The exercise asks for every line of the data to be reproduced exactly.
=== LISTED RECORDS ===
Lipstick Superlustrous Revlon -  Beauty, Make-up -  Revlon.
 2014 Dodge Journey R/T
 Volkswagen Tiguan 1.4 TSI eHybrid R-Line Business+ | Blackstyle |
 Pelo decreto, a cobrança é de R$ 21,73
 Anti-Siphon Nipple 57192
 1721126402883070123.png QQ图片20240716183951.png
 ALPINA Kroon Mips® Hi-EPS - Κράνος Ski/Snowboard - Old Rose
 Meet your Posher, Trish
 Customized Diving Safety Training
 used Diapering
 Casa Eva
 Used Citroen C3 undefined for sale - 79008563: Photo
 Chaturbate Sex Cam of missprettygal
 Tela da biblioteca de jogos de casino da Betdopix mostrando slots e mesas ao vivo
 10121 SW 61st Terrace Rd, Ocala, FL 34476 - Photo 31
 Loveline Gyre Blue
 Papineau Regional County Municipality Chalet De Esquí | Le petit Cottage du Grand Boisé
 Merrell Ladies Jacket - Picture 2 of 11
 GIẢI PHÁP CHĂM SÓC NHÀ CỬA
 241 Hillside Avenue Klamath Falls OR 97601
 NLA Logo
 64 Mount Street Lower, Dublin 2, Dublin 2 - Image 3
===
== TASK OUTPUT ==
Lipstick Superlustrous Revlon -  Beauty, Make-up -  Revlon.
 2014 Dodge Journey R/T
 Volkswagen Tiguan 1.4 TSI eHybrid R-Line Business+ | Blackstyle |
 Pelo decreto, a cobrança é de R$ 21,73
 Anti-Siphon Nipple 57192
 1721126402883070123.png QQ图片20240716183951.png
 ALPINA Kroon Mips® Hi-EPS - Κράνος Ski/Snowboard - Old Rose
 Meet your Posher, Trish
 Customized Diving Safety Training
 used Diapering
 Casa Eva
 Used Citroen C3 undefined for sale - 79008563: Photo
 Chaturbate Sex Cam of missprettygal
 Tela da biblioteca de jogos de casino da Betdopix mostrando slots e mesas ao vivo
 10121 SW 61st Terrace Rd, Ocala, FL 34476 - Photo 31
 Loveline Gyre Blue
 Papineau Regional County Municipality Chalet De Esquí | Le petit Cottage du Grand Boisé
 Merrell Ladies Jacket - Picture 2 of 11
 GIẢI PHÁP CHĂM SÓC NHÀ CỬA
 241 Hillside Avenue Klamath Falls OR 97601
 NLA Logo
 64 Mount Street Lower, Dublin 2, Dublin 2 - Image 3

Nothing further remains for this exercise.